The Admissions Committee
This case is a discussion about affirmative action, graduate education and graduate research; the case raises questions about the responsibilities of university research in society and issues surrounding student-mentor relationships.
In the early 1990s, Major State University instituted multiple two-year fellowships to be awarded to students from under-represented racial groups in order "to attract a higher quantity and quality of minority students to the school's higher education programs." The number of fellowships available per department was a function of the number of full-time faculty members, roughly, one fellowship for every ten faculty members in any given department. The fellowships were to be granted and administered individually by each department. According to the instructions given by the school's administration, the only eligibility requirement was that the recipient "must be a citizen of the United States and a member of a racially under-represented group." Fellowships were available on an annual basis; fellowships that were not awarded in a given year did not accrue to following years.
The Admissions Committee
As a graduate student, you were called to serve on the admissions committee of your department. Faculty members see students' participation in the committee as a necessary and legitimate input toward the selection of the incoming cohort. As a student, it is not only an honor to be asked to serve on the committee, but also a duty to act responsibly in a way that ensures a fair and transparent admissions process. The admissions committee was composed of four faculty members and one doctoral student. Three of the faculty members, Professors Wilson, Harris and Ahuja, had tenured appointments; Professor Belman was an Assistant Professor in a tenure-track position. The committee members' core responsibilities involved reading each applicant's portfolio and determining whether the applicant was qualified.

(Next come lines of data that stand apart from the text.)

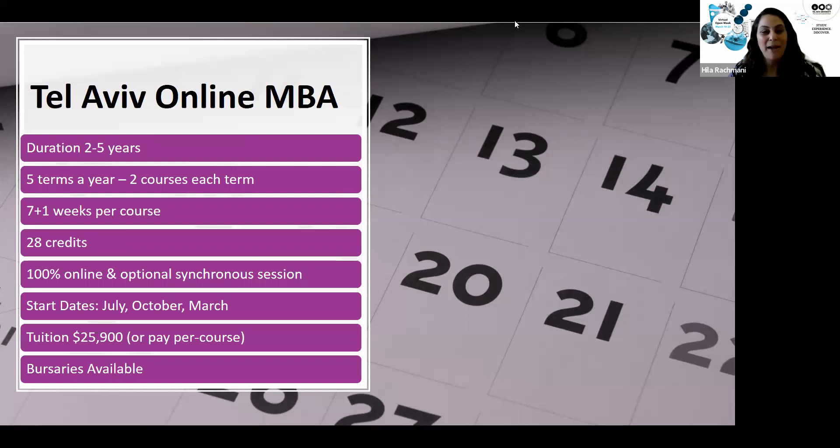The Coller School is the number one choice among Israeli students and has been awarded by Eduniversal five palms of excellence, the highest ranking available. We are also the first business school in Israel to be accredited by AACSB, which places us among the best business schools in the world — something we are very proud of.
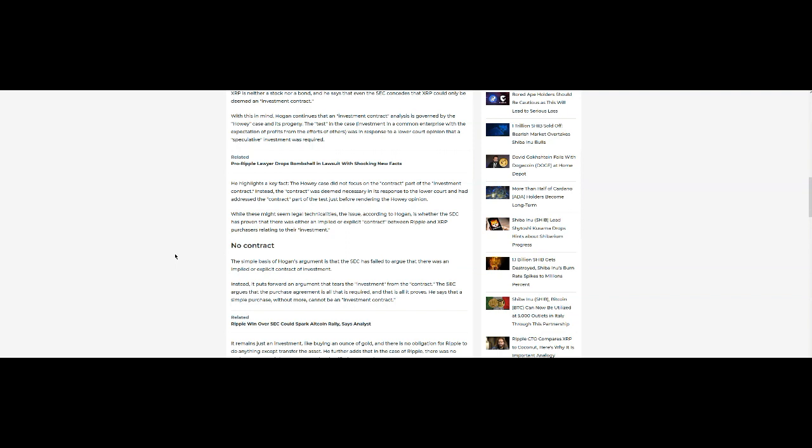Even if Ripple had said one of their plans was to increase the value of XRP, that still does not constitute a contract between them and us. They can say a lot of things, but until something is explicitly understood between the buyer and seller, then there is no contract. Now, I'm no attorney, but it seems pretty simple to me.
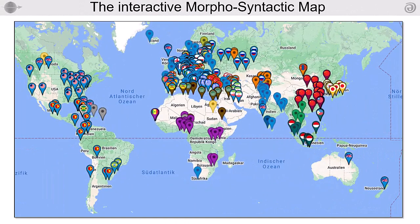Hello and welcome. The morphosyntactic map is one of the highlights of the Virtual Linguistics Campus. On this map, hundreds of standardized and fully transcribed language samples can be retrieved.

The admissions committee planned three meetings during the spring semester. Straightforward admissions decisions were to be made during the first meeting. During the second meeting, the committee would screen late applicants, identify candidates for fellowship support, and review borderline cases. Final decisions on any pending applications would be made during the third meeting.
The first meeting was uneventful; for the most part, members agreed on admission recommendations for the cases considered. However, none of the individuals discussed during this first meeting fulfilled the requirements for the minority fellowship. As the second meeting progressed, it became apparent that only two minority students were even being considered for admission. The first applicant, born in Mombasa, Kenya, was Lambert Motowi. Lambert recently married Sarah Bailey from Provo, Utah, thereby becoming a U. S. citizen and hence eligible for the minority fellowship. The second applicant was Rodney Williams, an African-American applicant from inner city St. Louis.
Professor Wilson categorized the two students as borderline cases. Although Lambert's work experience and technical background made him more fit for the program, it was not clear that he should be offered admission. Rodney had a weaker technical background than Lambert but enthusiastically expressed interest in working with Professor Harris. To further complicate the decision, both applicants expressed an imperative need for financial assistance. Without financial assistance, it would not be possible for them to attend graduate school.
Who should be admitted? Who should get the fellowship? The committee needs to make a decision regarding the two applicants. The financial need of both applicants implies that the university's minority fellowship would be attached to the admissions decision. That is, if one of the two is admitted, he would automatically be assigned the fellowship. The committee decides to have a candid discussion of the pros and cons of each candidate. After a few minutes, the committee appeared divided. Professors Wilson and Ahuja sounded pretty convinced that the fellowship should be awarded to Lambert, given that he satisfies the eligibility criteria and he has an acceptable academic record. Professor Ahuja said, "It would be a waste to let that fellowship money go. We should award it to Lambert Motowi."
Professor Harris argued persuasively against Lambert's case. He said that he did not believe that a foreign student, who had presumably faced little or no racial discrimination, should be eligible for the minority fellowship. "This is about restoration," he claimed. Further, Professor Harris argued that the school's failure to articulate the fellowship's intent more clearly should be understood as a call for exercising discretion in awarding it. In contrast, Professor Belman explained that she believed that academic standards should not be lowered to accommodate students who were not fully qualified for the academic rigors of a doctoral degree. "These students will not learn and act in a vacuum," she said. "They will interact with other students and professors and take time and energy that we do not have. By accepting them, in the end we are shortchanging the students and ourselves," she claimed.
You have refrained from voicing your opinion because you might tilt the balance. In addition, you feel that is inappropriate for you to be considering this case, given that it is plausible that you and Lambert or Rodney (or both) may end up sharing an office or a bench next year. Inevitably, Professor Wilson asks for your opinion.
Brian Schrag, ed., Research Ethics: Cases and Commentaries, Volume 3, Bloomington, Indiana: Association for Practical and Professional Ethics, 1999.